• Action item: Find the line below with "Solar Brilliance 108" and the line with "To My Girlfriend". Output exactly those lines and everything between them, leaving out the pictures.

• Extracted records:
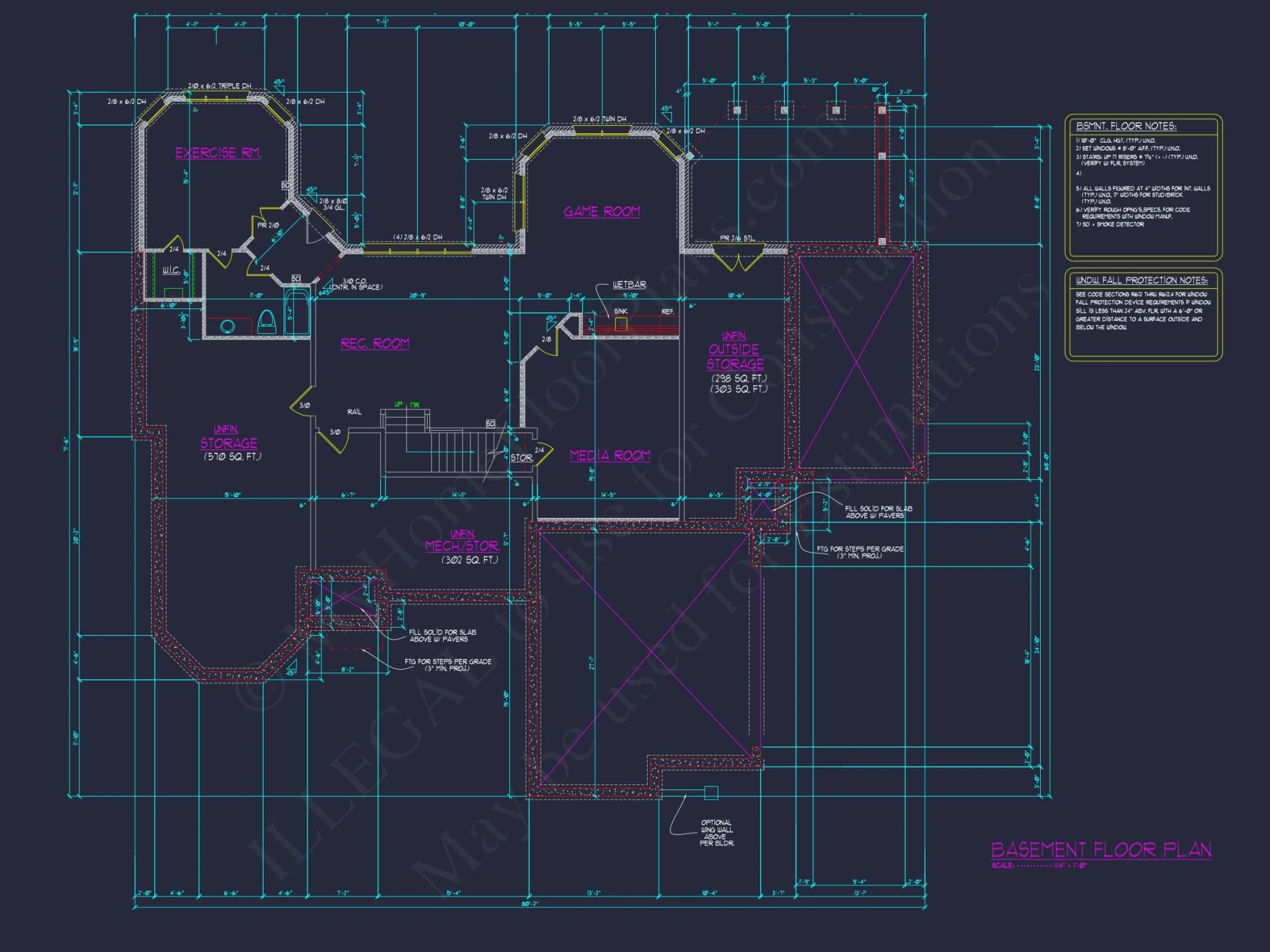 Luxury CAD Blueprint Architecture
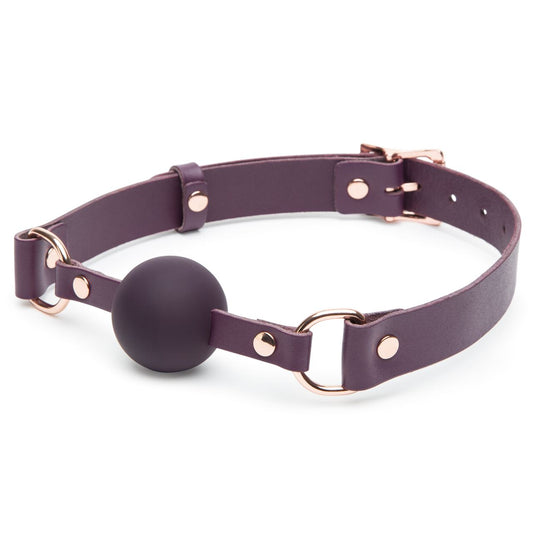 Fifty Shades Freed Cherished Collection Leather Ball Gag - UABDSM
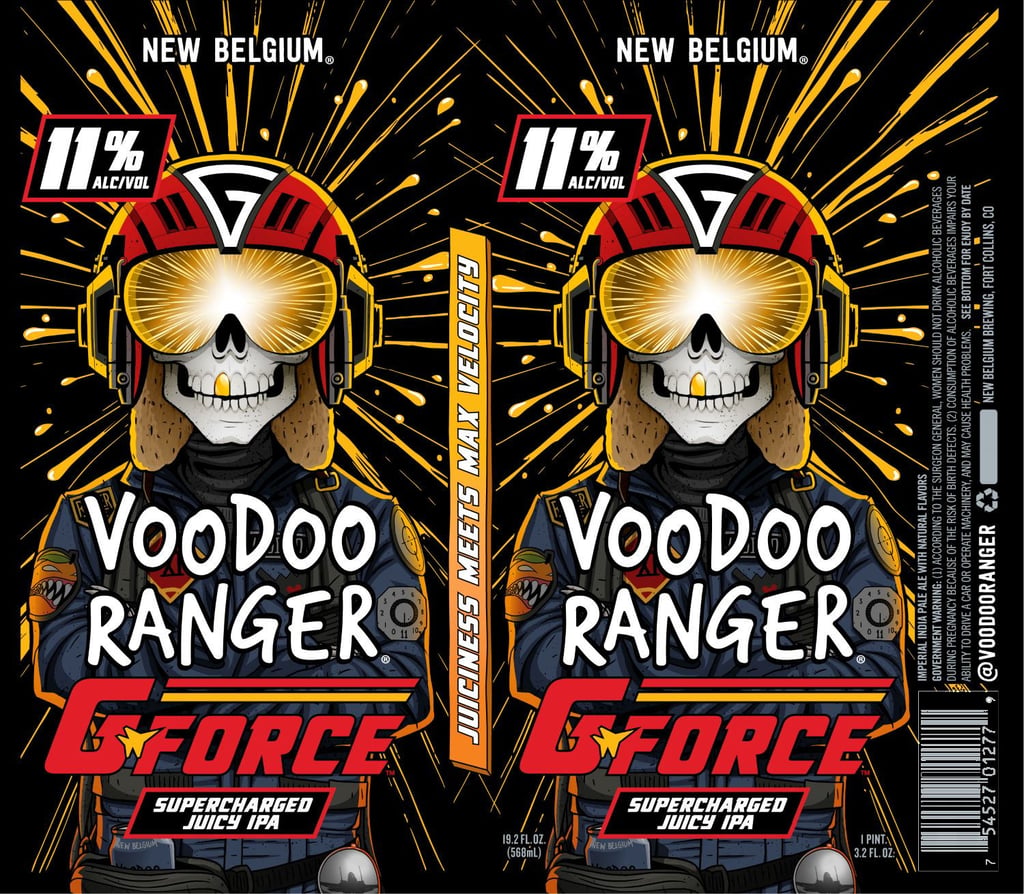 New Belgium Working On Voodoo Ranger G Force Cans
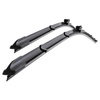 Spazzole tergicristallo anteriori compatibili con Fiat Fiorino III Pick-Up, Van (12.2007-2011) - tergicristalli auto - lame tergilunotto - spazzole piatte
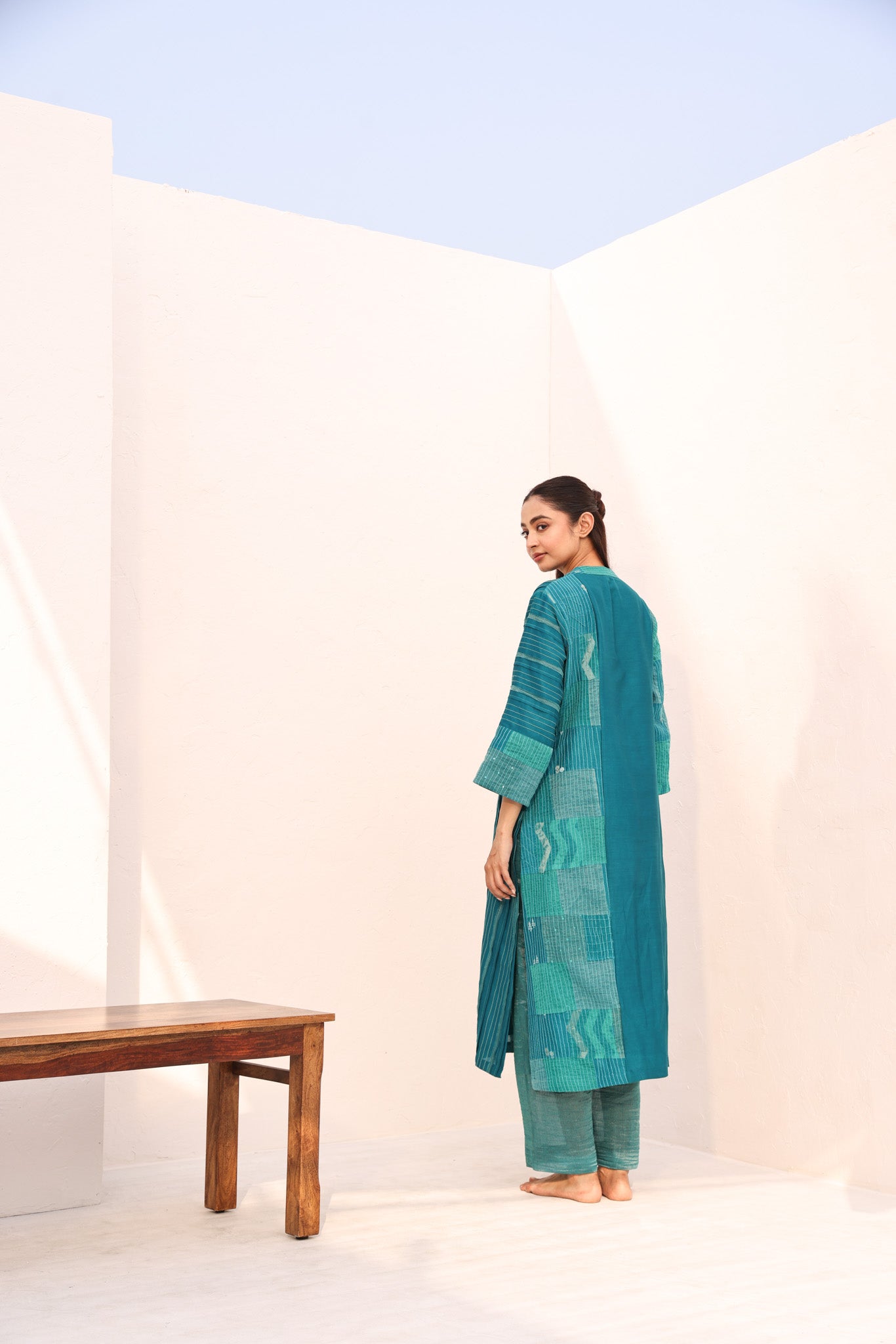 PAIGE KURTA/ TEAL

==

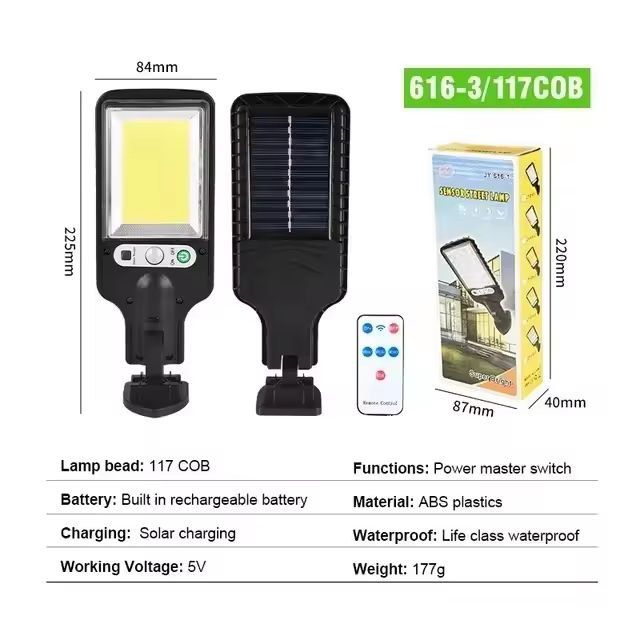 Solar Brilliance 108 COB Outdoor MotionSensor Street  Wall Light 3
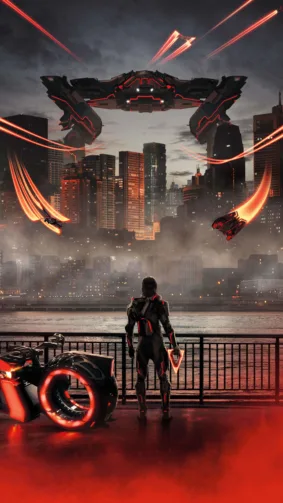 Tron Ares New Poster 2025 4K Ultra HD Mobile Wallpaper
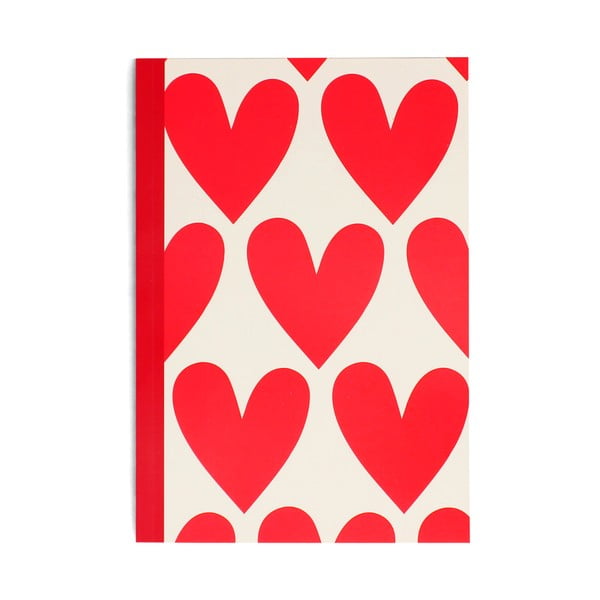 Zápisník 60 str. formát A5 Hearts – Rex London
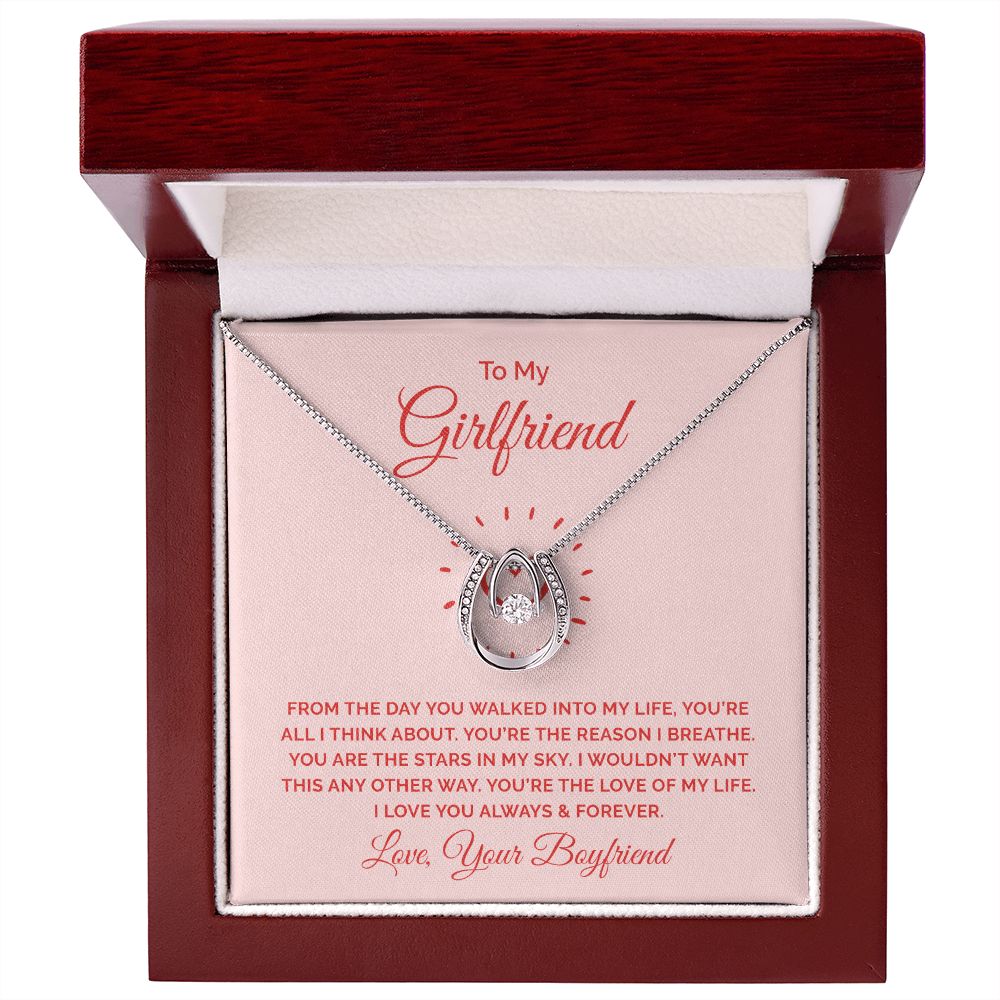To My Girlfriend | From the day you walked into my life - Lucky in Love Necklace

• Response:
 Solar Brilliance 108 COB Outdoor MotionSensor Street  Wall Light 3
 Tron Ares New Poster 2025 4K Ultra HD Mobile Wallpaper
 Zápisník 60 str. formát A5 Hearts – Rex London
To My Girlfriend | From the day you walked into my life - Lucky in Love Necklace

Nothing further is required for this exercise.